The present invention generally relates to the field of integrated circuit design, and particularly to a method for implementing a spanning tree method for K-dimensional space.
The complexity encountered in the design and production of integrated circuits has grown exponentially as the number of features, speed and size of the integrated circuits has grown. For instance, integrated circuits may be found in an ever increasing range of products. To provide the desired functionality for the products, circuits may be designed specifically for the contemplated usage and/or generalized circuits may be employed capably of providing usage desired by a wide range of manufacturers and end users.
There are a wide variety of considerations that must be addressed in the design of the integrated circuit, such as timing considerations. For instance, sections of a chip may be able to perform operations in different amounts of time, such as based on the complexity of the calculation. Additionally, the transfer of data between components of an integrated circuit may be performed in different lengths of time, such time depending distance the information must travel to arrive at a desired component, and the like.
To address these timing considerations, integrated circuit may be arranged in an optimal manner, buffers employed to store data so that it is ready when needed, and the like. However, previous methods utilized to compute the placement of buffers, routing and the like were inefficient and overly complex.
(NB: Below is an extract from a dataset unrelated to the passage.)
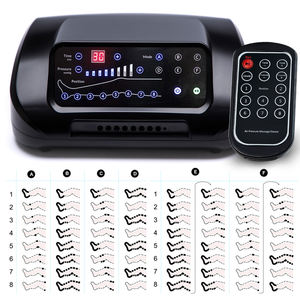 Nouvelle machine <span class=keywords><strong>de</strong></span> massage par pressothérapie à 8 chambres pour usage domestique CE, pour la relaxation du corps, la compression des jambes, des bras, <span class=keywords><strong>de</strong></span> la taille et le drainage lymphatique - Product Image 6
Therefore, it would be desirable to provide a spanning tree system and method for K dimensional space.
Accordingly, the present invention is directed to a spanning tree method for K dimensional space. To address timing driven buffer insertion and clock routing problems clusters of points must be constructed in 3-dimensional space. The first and second dimensions are coordinates on a plane, while the third dimension is time which is arrival pin time for buffers insertion and clock latency for clock routing. In a first aspect of the present invention, a method includes partitioning an input set of points into a binary tree of partitions so that each leaf partition has maximally a defined number of points. Graph edges are made for the points by connecting each point to its closest point in every of 2K subspaces and the number of graph nodes is then reduced to a predefined value.
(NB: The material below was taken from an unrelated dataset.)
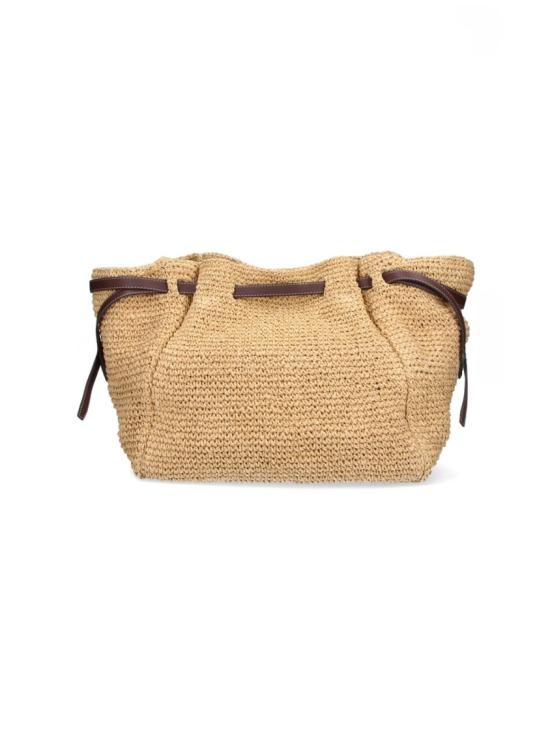 26SS 토리버치 로미 우븐 토트 백 178696254 Neutrals - TORY BURCH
In an additional aspect of the present invention, a method for partitioning an integrated circuit includes partitioning an input set of points into a binary tree of partitions so that each leaf partition of the binary tree has maximally a defined number of points. Graph edges for the points are made by connecting each point to 2Kclosest points. The starting number of graph points is then factorized by decreasing a number of components in the set of graph points until that number becomes equal to a predefined specified program input parameter C.
In a further aspect of the present invention, a system includes a memory suitable for storing a program of instructions and a processor communicatively coupled to the memory, the processor suitable for performing a program of instructions. The program of instructions configures the processor to partition an input set of points into a binary tree of partitions so that each leaf partition of the binary tree has maximally a defined number of points. Graph edges are made for the points by connecting each point to its closest point in every of 2Ksubspaces. The number of graph nodes is reduced by factorizing a number of constructed components in the set of graph points until it becomes equal to a predefined specified program input parameter C.
It is to be understood that both the forgoing general description and the following detailed description are exemplary and explanatory only and are not restrictive of the invention as claimed. The accompanying drawings, which are incorporated in and constitute a part of the specification, illustrate an embodiment of the invention and together with the general description, serve to explain the principles of the invention.